Short descriptive text snippets:

"""

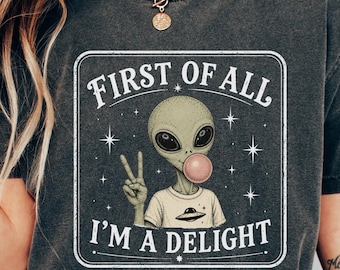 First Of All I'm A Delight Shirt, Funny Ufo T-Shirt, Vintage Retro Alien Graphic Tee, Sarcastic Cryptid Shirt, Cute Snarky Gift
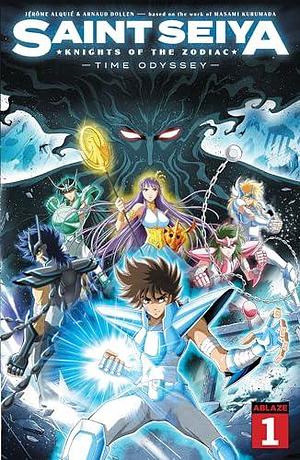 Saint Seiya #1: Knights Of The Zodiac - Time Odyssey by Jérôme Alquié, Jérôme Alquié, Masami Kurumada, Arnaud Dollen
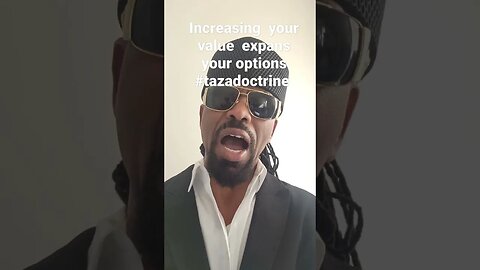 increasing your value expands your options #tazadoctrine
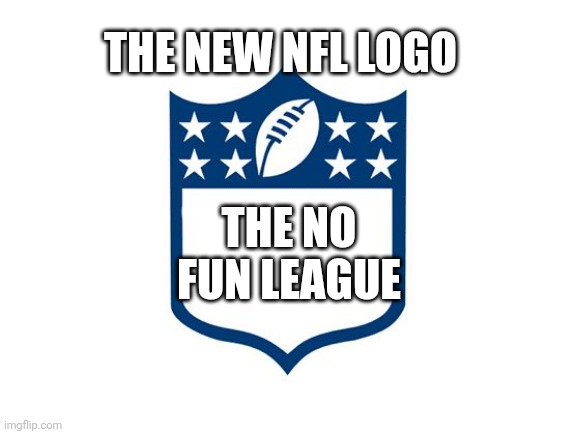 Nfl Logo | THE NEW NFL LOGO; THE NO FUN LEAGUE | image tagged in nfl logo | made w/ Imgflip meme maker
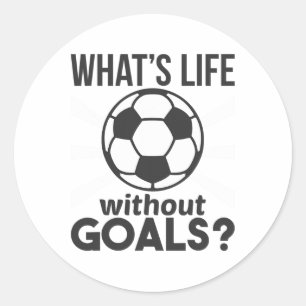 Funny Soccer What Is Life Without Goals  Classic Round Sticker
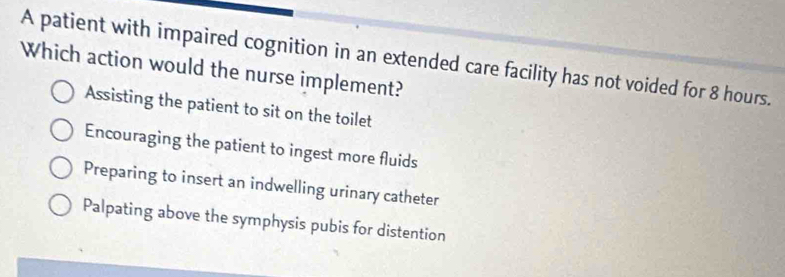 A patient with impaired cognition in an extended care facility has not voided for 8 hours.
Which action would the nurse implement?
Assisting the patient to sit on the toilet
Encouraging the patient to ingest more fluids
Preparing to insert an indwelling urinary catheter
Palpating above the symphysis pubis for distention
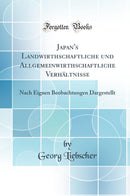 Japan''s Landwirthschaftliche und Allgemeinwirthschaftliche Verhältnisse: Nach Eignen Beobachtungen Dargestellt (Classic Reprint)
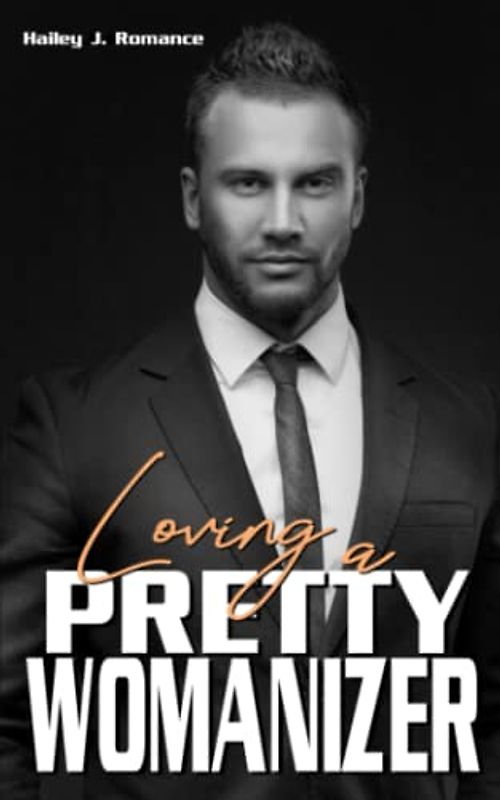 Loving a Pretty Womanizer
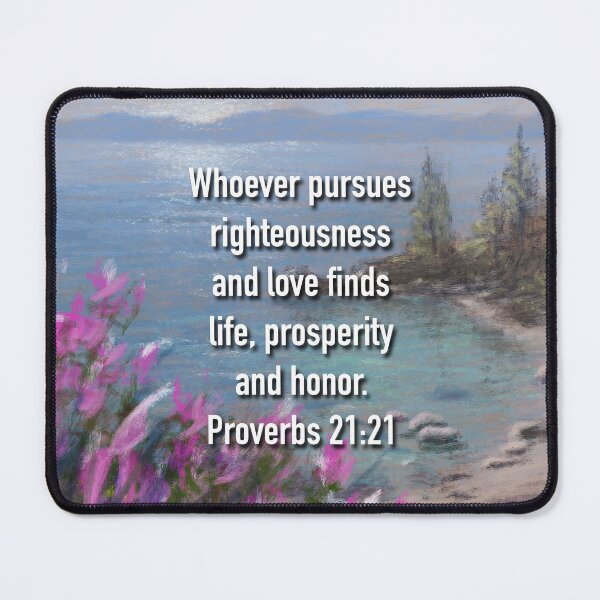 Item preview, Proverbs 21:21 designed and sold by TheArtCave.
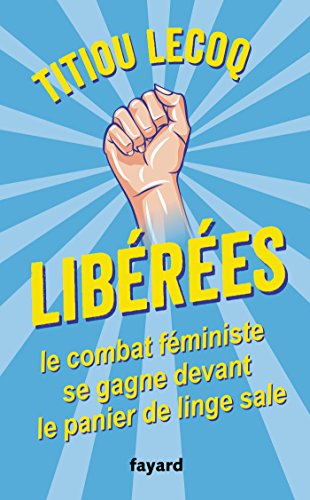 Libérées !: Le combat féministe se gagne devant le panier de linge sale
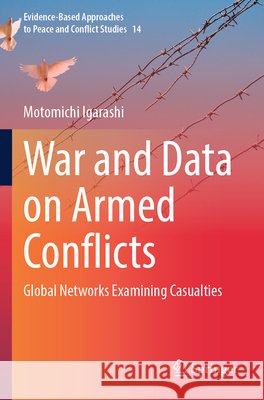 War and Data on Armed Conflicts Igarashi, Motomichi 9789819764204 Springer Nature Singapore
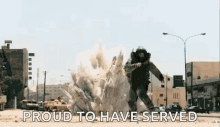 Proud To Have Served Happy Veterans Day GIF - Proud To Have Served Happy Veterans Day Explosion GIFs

"""

TO DO:
Reproduce each entry exactly as given; no pictures, please.

RESPONSE BOX:
 First Of All I'm A Delight Shirt, Funny Ufo T-Shirt, Vintage Retro Alien Graphic Tee, Sarcastic Cryptid Shirt, Cute Snarky Gift
 Saint Seiya #1: Knights Of The Zodiac - Time Odyssey by Jérôme Alquié, Jérôme Alquié, Masami Kurumada, Arnaud Dollen
 increasing your value expands your options #tazadoctrine
 Nfl Logo | THE NEW NFL LOGO; THE NO FUN LEAGUE | image tagged in nfl logo | made w/ Imgflip meme maker
 Funny Soccer What Is Life Without Goals  Classic Round Sticker
 A patient with impaired cognition in an extended care facility has not voided for 8 hours.
Which action would the nurse implement?
Assisting the patient to sit on the toilet
Encouraging the patient to ingest more fluids
Preparing to insert an indwelling urinary catheter
Palpating above the symphysis pubis for distention
 Japan''s Landwirthschaftliche und Allgemeinwirthschaftliche Verhältnisse: Nach Eignen Beobachtungen Dargestellt (Classic Reprint)
 Loving a Pretty Womanizer
 Item preview, Proverbs 21:21 designed and sold by TheArtCave.
 Libérées !: Le combat féministe se gagne devant le panier de linge sale
 War and Data on Armed Conflicts Igarashi, Motomichi 9789819764204 Springer Nature Singapore
 Proud To Have Served Happy Veterans Day GIF - Proud To Have Served Happy Veterans Day Explosion GIFs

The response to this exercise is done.